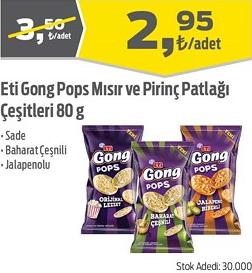 Eti Gong Pops Mısır ve Pirinç Patlağı Çeşitleri 80 g image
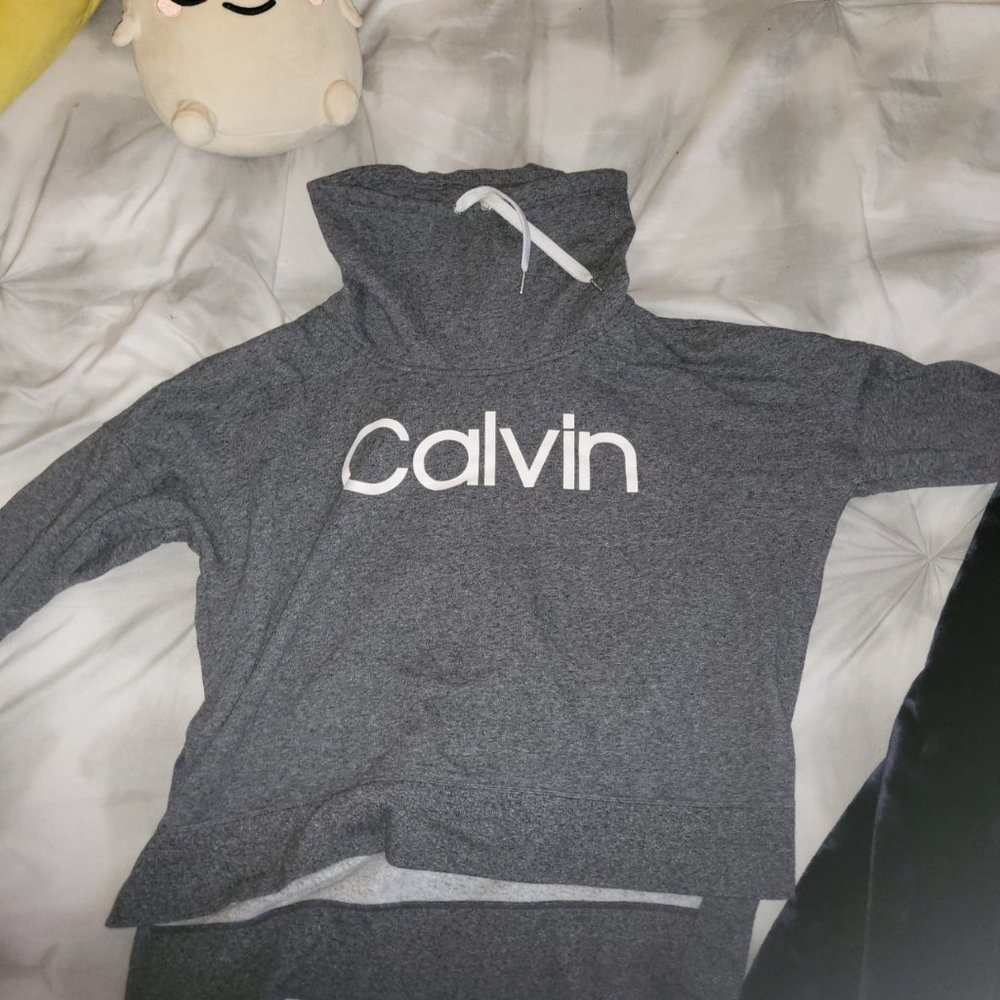 Large women's calvin klein gray sweatshirt cowl neck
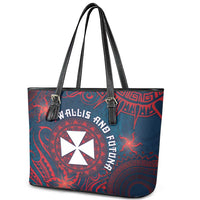 Wallis And Futuna Leather Tote Bag Hibiscus Polynesian Tribal Pattern DT05 - Polynesian Pride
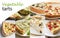 Collage of pictures vegetable tarts cut on slices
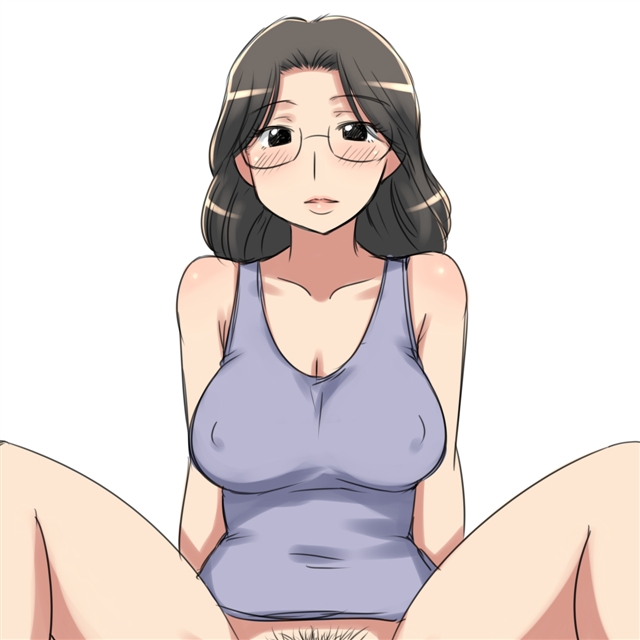 aaaa black_hair blush bottomless breasts covered_nipples glasses large_breasts long_hair looking_at_viewer original pubic_hair simple_background solo white_background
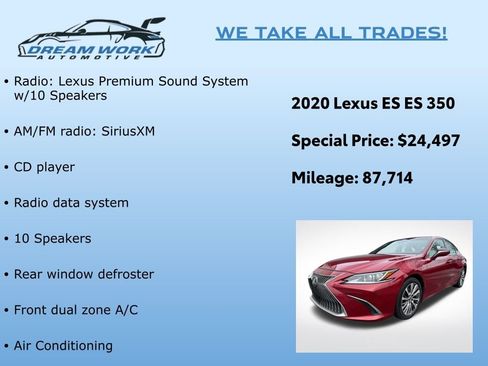 Used 2020 Lexus ES 350 w/ Premium Package image 2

Requirement –
Write out the material above exactly, and omit the pictures it holds.

Output below –
 Eti Gong Pops Mısır ve Pirinç Patlağı Çeşitleri 80 g image
 Large women's calvin klein gray sweatshirt cowl neck
 Wallis And Futuna Leather Tote Bag Hibiscus Polynesian Tribal Pattern DT05 - Polynesian Pride
 Collage of pictures vegetable tarts cut on slices
 aaaa black_hair blush bottomless breasts covered_nipples glasses large_breasts long_hair looking_at_viewer original pubic_hair simple_background solo white_background
 Used 2020 Lexus ES 350 w/ Premium Package image 2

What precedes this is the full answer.